Dagli indigeni australiani che bruciano il sottobosco per difendere la loro foresta dagli incendi, all'Amazzonia devastata dallo sfruttamento irresponsabile delle risorse naturali, fino alla scomparsa delle diverse varietà di semi in Colombia, emblema della perdita di biodiversità. La crisi climatica è al centro del World Press Photo Contest 2022, in mostra alla GAM diTorino fino al 18 settembre.

  • Alessandro Paolini
  • Maggio 2022
  • Giovedì, 9 Giugno 2022
Matthew Abbott, Salvare le foreste con il fuoco, Australia, per National Geographic/Panos Pictures  Matthew Abbott, Salvare le foreste con il fuoco, Australia, per National Geographic/Panos Pictures

Il più importante concorso di fotogiornalismo al mondo

Tutto ebbe inizio nel 1955, quando un gruppo di fotografi olandesi organizzò il primo concorso internazionale "World Press Photo". Da allora l'iniziativa ne ha fatta di strada, fino a diventare il concorso fotografico più prestigioso al mondo e la mostra di fotogiornalismo più visitata: quest'anno sarà allestita in 70 sedi in 30 Paesi, con un pubblico stimato di oltre tre milioni di persone. I lavori premiati sono stati scelti tra 64mila immagini candidate, realizzate da più di 4mila fotografi, di cui molti lavorano per testate come National Geographic, BBC, CNN, Times, Le Monde, El Pais.

Lo scorso anno, nonostante la pandemia, l'esposizione di Palazzo Madama, a Torino, è stata la 17esima mostra più visitata in Italia.

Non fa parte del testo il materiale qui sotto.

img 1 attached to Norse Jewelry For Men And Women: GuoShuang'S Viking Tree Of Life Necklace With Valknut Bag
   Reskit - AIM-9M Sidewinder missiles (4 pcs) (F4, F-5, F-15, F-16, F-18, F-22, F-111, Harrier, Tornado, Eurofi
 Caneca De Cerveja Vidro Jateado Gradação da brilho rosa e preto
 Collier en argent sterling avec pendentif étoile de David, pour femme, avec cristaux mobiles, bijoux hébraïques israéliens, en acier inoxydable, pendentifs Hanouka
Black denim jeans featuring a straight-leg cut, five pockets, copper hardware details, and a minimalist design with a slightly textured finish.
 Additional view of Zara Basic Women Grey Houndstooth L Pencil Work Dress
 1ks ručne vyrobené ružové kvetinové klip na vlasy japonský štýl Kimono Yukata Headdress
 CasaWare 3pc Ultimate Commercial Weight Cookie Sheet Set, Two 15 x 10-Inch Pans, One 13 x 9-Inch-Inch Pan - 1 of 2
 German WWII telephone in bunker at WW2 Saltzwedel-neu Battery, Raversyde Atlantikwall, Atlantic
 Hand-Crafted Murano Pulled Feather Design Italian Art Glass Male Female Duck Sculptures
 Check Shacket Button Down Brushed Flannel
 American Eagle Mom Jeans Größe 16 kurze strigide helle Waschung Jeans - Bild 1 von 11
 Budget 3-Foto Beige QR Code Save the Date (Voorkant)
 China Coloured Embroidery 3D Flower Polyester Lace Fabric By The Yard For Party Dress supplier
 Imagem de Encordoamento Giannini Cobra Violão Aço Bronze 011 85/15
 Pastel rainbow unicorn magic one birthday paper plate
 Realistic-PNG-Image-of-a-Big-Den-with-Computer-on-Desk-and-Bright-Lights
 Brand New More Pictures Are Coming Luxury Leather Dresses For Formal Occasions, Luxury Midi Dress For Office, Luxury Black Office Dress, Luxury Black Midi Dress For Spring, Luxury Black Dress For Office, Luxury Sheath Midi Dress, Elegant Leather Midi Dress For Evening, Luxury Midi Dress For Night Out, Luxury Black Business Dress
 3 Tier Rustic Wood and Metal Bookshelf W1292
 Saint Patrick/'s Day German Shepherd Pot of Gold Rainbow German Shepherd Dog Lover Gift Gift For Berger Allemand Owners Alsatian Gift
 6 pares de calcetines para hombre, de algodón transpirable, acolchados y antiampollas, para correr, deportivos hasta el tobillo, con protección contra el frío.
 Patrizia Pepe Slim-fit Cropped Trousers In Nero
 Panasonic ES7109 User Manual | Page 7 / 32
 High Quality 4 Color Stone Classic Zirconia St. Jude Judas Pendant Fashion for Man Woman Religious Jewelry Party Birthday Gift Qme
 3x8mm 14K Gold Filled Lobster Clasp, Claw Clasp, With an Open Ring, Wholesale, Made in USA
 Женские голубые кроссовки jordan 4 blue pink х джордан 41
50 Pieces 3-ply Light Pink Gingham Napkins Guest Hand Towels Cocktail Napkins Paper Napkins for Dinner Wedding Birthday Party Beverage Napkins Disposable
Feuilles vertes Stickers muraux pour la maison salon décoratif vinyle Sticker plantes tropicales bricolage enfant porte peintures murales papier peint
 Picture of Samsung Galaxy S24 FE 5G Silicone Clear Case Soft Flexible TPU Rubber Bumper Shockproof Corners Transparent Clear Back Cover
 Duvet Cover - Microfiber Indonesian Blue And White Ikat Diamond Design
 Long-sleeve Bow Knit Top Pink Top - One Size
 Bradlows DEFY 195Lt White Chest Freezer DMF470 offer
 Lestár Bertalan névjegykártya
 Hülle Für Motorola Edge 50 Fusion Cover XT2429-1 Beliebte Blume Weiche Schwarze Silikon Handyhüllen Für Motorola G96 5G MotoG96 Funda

Anche nel 2022, e per il sesto anno consecutivo, la World Press Photo Exhibition fa tappa nella nostra città, con 134 scatti esposti - fino al 18 settembre - alla GAM (Galleria Civica d'Arte Moderna e Contemporanea). Tra gli argomenti toccati, in primissimo piano,c'è la crisi climatica e le sue conseguenze. Sono tanti gli spunti che fotografi di tutto il mondo hanno deciso di raccontare attraverso le loro immagini: storie di catastrofi naturali ma anche soluzioni possibili per i sempre più pressanti problemi ambientali.

Salvare le foreste con il fuoco

E' questo il titolo dell'impressionante reportage firmato da Matthew Abbott, per il National Geographic e Panos Pictures, premio World Press Photo Story of the Year.

Al centro del racconto, il rito degli indigeni australiani che bruciano strategicamente la terra, in una pratica nota come «combustione a freddo»: i fuochi si muovono lentamente, bruciano solo il sottobosco e rimuovono l'accumulo di residui vegetali che possono alimentare incendi più grandi. Il popolo Nawarddeken di West Arnhem Land, in Australia, attua questa pratica da decine di migliaia di anni e vede il fuoco come uno strumento per gestire la propria terra. Oggi i rangers Warddeken combinano le conoscenze tradizionali con le tecnologie contemporanee per prevenire gli incendi, diminuendo così la CO2 che contribuisce al riscaldamento globale.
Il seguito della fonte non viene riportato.